Bis Mai habe ich Hoffnung in eine Advokaturskanzlei zu kom­men. Gegenwärtig habe ich die meiste Zeit für mich, eine ausgezeichnet gute Kost, aber wenig, meistens gar kein Geld; in meinem Quartier ist schreckliche Unordnung, die Frau schon lange krank, wie es scheint an Wassersucht, während eines Jahres starben 3 Kinder, u. ein Rückstand aus uralten Zeiten, den man in der angegebenen Lage schon längst gern gehabt hätte, feßelt mich an Ort u. Stelle. So paart sich zar­tes mit dem Harten, u. nach Schiller giebt das einen guten Klang.

Von Politik kannst Du wahrscheinlich aus den Zeitungen so viel erfahren als ich; an maßgebenden Kreisen in Wien ist man über die österr. preusische Geschichte so wenig im Rei­nen als die Zeitungen. Das jetzige Ministerium ist aber fest entschloßen nicht nachzugeben, das weiß ich aus sicherster Quelle.

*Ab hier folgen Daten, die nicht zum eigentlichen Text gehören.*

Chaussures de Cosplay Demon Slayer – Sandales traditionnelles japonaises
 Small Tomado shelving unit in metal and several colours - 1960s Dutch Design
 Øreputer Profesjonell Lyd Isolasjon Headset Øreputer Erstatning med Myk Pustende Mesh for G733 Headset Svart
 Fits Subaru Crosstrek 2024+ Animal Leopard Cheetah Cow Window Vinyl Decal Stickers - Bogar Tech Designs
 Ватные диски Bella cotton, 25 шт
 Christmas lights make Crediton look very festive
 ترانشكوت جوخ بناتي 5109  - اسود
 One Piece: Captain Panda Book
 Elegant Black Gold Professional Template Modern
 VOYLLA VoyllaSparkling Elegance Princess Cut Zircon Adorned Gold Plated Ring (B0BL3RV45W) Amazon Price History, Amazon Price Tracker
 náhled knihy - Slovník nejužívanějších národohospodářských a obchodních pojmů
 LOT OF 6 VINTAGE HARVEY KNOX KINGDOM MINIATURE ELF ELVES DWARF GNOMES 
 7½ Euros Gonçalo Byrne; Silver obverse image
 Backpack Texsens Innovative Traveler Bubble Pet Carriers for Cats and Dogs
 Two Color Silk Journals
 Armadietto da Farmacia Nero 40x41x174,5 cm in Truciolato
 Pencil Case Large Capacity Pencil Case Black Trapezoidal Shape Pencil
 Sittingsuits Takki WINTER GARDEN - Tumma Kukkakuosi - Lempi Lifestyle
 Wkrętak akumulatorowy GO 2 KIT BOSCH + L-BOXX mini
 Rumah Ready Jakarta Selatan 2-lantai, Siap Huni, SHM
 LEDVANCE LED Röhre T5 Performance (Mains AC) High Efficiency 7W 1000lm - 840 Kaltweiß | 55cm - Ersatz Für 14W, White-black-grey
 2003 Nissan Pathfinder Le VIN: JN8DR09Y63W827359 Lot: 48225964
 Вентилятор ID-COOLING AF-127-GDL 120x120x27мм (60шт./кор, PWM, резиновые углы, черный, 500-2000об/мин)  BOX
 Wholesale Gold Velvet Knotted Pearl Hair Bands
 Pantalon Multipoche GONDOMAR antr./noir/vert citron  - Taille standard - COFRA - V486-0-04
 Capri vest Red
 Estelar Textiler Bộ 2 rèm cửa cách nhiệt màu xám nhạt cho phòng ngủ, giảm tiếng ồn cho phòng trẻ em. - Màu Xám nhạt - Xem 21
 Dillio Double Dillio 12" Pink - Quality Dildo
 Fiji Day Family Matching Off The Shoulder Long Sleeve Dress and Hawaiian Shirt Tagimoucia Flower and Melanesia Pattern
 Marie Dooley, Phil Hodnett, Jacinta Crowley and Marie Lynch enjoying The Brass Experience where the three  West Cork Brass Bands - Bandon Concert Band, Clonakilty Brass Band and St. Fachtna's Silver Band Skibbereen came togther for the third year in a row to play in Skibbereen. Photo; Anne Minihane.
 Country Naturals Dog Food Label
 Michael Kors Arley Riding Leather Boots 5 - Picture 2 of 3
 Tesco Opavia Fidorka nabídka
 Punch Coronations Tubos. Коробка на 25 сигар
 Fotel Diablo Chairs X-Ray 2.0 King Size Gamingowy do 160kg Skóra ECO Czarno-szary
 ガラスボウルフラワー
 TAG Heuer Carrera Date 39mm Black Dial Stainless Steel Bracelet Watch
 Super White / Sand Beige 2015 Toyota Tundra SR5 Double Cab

Wenn Du also die Sonderlinge fertig hast, so schreibe mir wieder einmal. Wie geht es denn meiner Mutter? den Ober­hausern, Sieberle ect. Wie ist der Prozeß von der Schmied­schen Familie in Rehmen wegen der Erbschaft ausgegangen? Hat Sanderell den Stubenrauch bekommen? Wo ist der frü­here Pfarrer v. Lech? was macht sein Buch? was Jenny? was die Schröcker-Kirche? ect. Du mußt bedenken, daß ich aus meiner Heimat so zu sagen gar nichts erfahre als von Dir, u. mir deßhalb meine Neugirde verzeihen. In Betreff der Stückleferger-Geschichte habe ich schließlich so schlechte Aussichten bekommen, daß ich einsah, daß sich kaum etwas mit Erfolg würde machen lassen. Die hier gut bezahlte Arbeit wird bei uns nicht gemacht u. ist sehr müh­sam, so daß sich auch hier die besten Arbeiterinnen kaum 4 bis 5 Sechser täglich zu verdienen im Stande sind. Auf Eins will ich Dich noch aufmerksam machen, seit Neujahr kann man von Dir zu mir 3mal schreiben, bis so viel Porto aufgeht, als früher einmal. Das wollen wir bedenken. Ich habe schon vor weiß Gott wie langer Zeit versprochen eine 3. Fotografie zu schicken, für's Thresele oder Mutter oder wer sie haben will u. noch nicht hat, hier ist sie endlich. Ich bitte Dich sie mit vielen Grüßen zu übergeben. Ferner lasse ich freundlichst grüßen Dein Wible (wohl auch theilweise in guter Hoffnung), Mutter u. Goga, dann Sieberies, Oberhausers Wible's Geschwister, Rößlewirth's Dünser ect. Der Mutter zu schreiben finde ich überflüssig, weil den Brief statt ihr nur andere Leute lesen würden, anstattdessen lasse ich sie recht herzlich grüßen. Dem Thresele lasse ich auch mein Beileid ausdrücken, endlich kommt's an Dich selbst u. es sollen sich alle Diese Grüße auch auf Dich beziehen, damit ich sie nicht noch einmal schreiben muß, wofür Du mir am Ende vielleicht nicht einmal dankbar wärest. Wer Dir diesen Brief mit Wissen u. Willen geschrieben, magst Du aus der beiliegenden Fotografie entnehmen.